Cole spoke to why Twitter uses MySQL even when NoSQL databases would seemingly be better suited for such a heavy workload. "It comes down to a few key points," Cole said.
One is basic familiarity. "We have very extensive at-scale knowledge. We know how MySQL works internally. We know how to upgrade it, we know how to fix bugs and push out new releases," Cole said.
The company also appreciates MySQL's performance. With a bit of tuning, most of Twitter's MySQL servers are running "tens of thousands of queries per second," Cole said. The latency of the queries must be in the level of micro-seconds. Cole said that he will get pitches from NoSQL vendors making claims that NoSQL is faster than a relational SQL database. "Often that is not true," Cole said.
Data safety is another crucial component for Twitter. Twitter's internal database engine, InnoDB "does not lose our data," Cole said. Another advantage includes a strong ecosystem, including support and development from companies like Oracle and Percona.
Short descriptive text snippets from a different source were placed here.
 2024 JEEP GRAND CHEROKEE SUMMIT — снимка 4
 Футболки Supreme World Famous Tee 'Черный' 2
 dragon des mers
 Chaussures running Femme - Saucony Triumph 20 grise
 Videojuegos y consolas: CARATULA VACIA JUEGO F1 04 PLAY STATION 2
While the company uses MySQL for many things, it also uses other data storage technologies for those cases where MySQL won't fit. For instance, the company developed a sharding and replication software, called Gizzard, that runs on top of MySQL. "I prefer to treat MySQL as a building block -- use it as a really strong core of features that we understand, and build solutions on top of that core," Cole said.
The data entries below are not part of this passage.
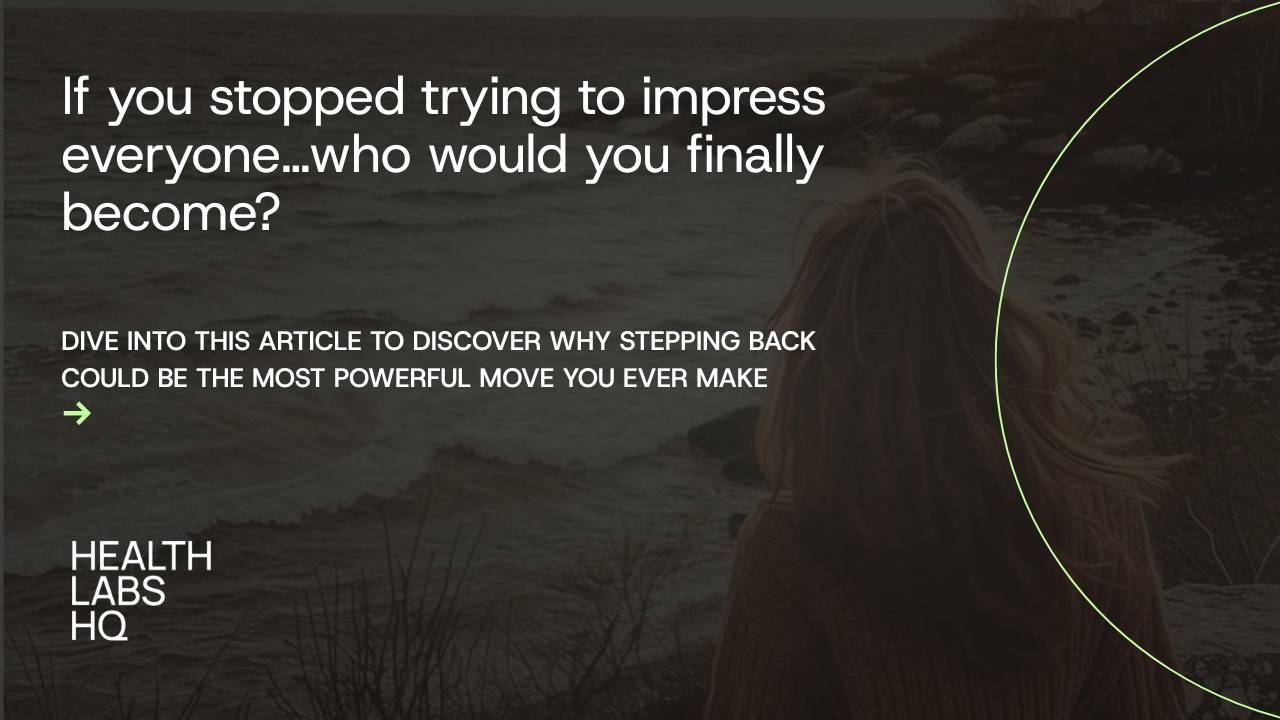 Sometimes Trying to Prove You Are the Best Is an Insult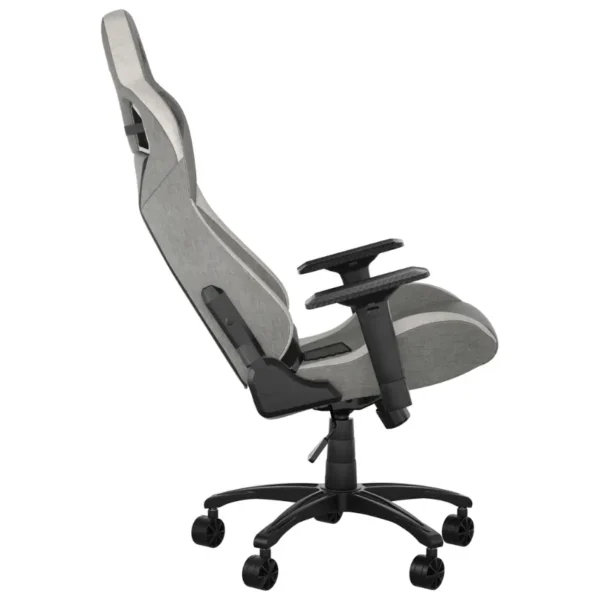 Silla Gamer Corsair T3 RUSH, Gris/Blanco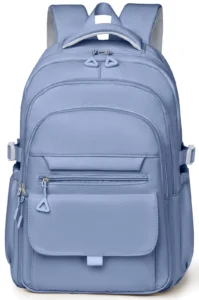DAKIMOE Fashion Teen School Backpack for College Aesthetic Bookbag for Women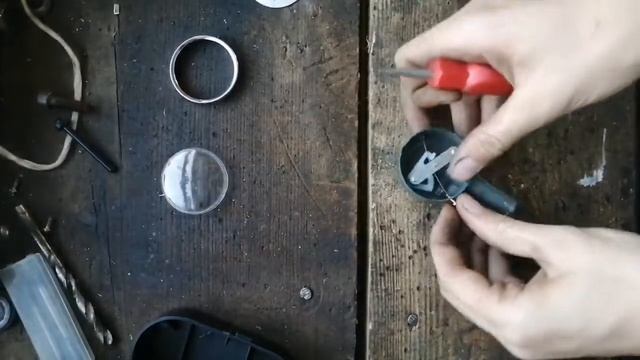 Индикатор часового типа своими руками. Для грубого измерения. смотреть онлайн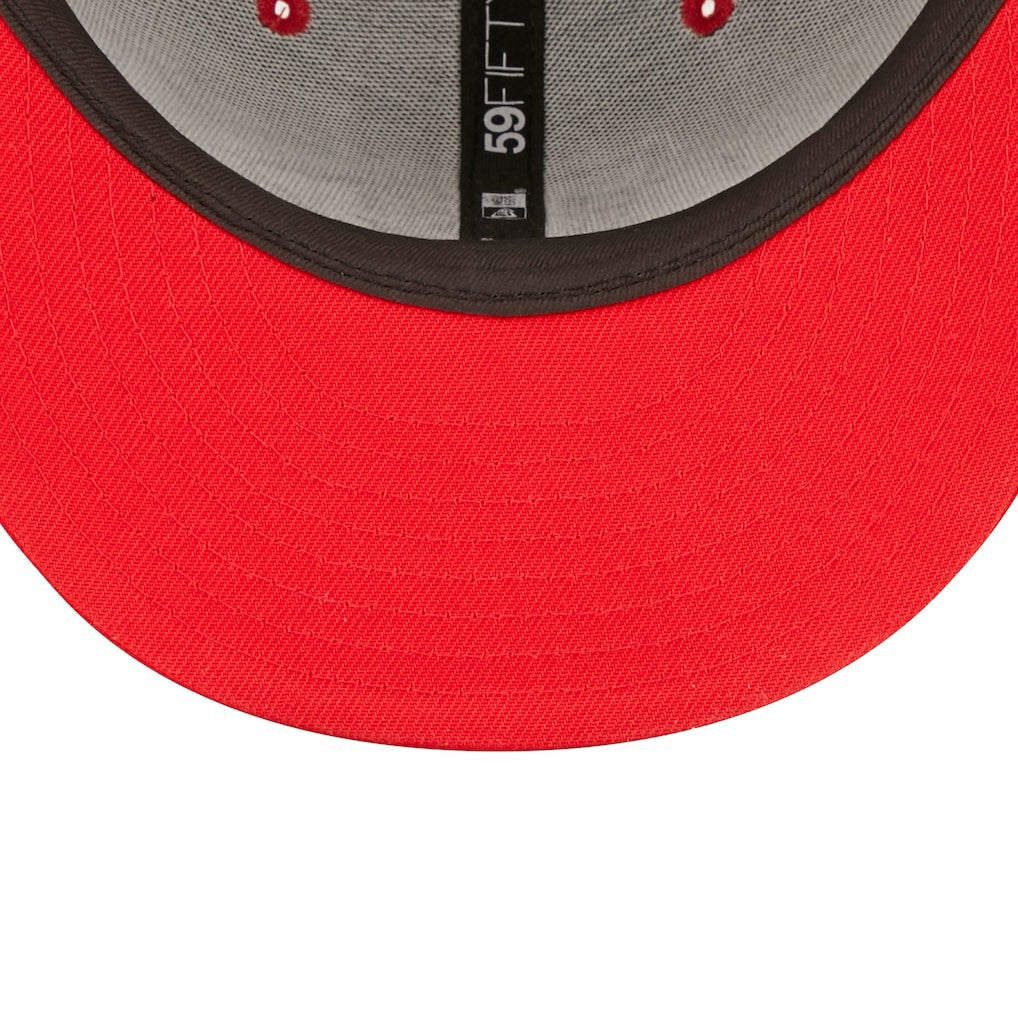 Flipside 2Tone 59FIFTY Fitted Hat - Kansas City Chiefs Hats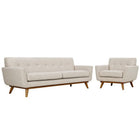 Modway Engage Armchair and Sofa Set of 2  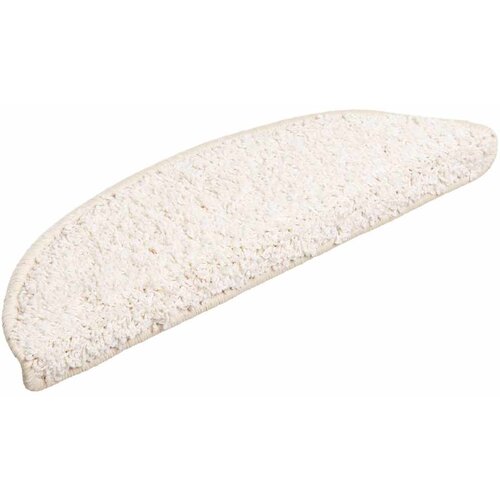Maison Chic Preproga, Rug za stopnice 30 kosov Bela 56x17x3 cm, (22121882) Cene
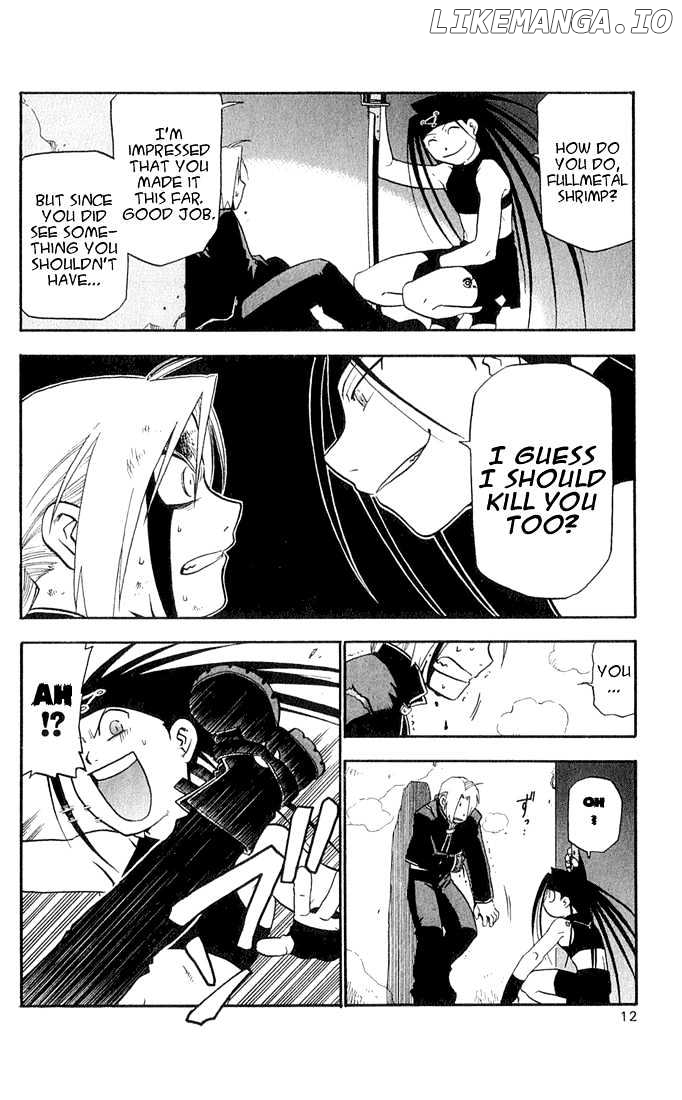 Fullmetal Alchemist, Chapter 13 image 08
The online gaming company Playful Play was another customer that testified about its success of high-volume MySQL usage. This Mexico-based online game company recently found itself with a huge hit on its hands. The company's "La Vecindad de El Chavo," based on the popular long-running Mexican comedy series "El Chavo," has attracted over 3 million users since its launch in March, a number that is growing by 30,000 subscribers daily. "We had 100,000 in the first day and we got very scared. We didn't know what we had on our hands," said Ricardo Rocha, Playful Play CEO.
The company initially used the free version of MySQL Cluster, but when traffic suddenly spiked so that their need for servers exceeded Oracle's free licensing, the company contracted with Oracle for support. In fact the growth of traffic was so sudden that when the company experienced performance issues and Oracle flew support personnel to the company's headquarters before the support contract was actually signed.
Today the company runs MySQL Cluster Carrier Grade Edition across 24 servers, to capture data on user and avatar profiles, as well as play and advertising data. Twelve are for production, and the rest are for marketing analysis, pre-production and load-balancing.
The company is currently expanding its infrastructure to support as many as 100 million users, as part of its plans to expand to through Latin America, as well as Turkey, Spain, the Philippines, and Malaysia, countries where the show is also aired.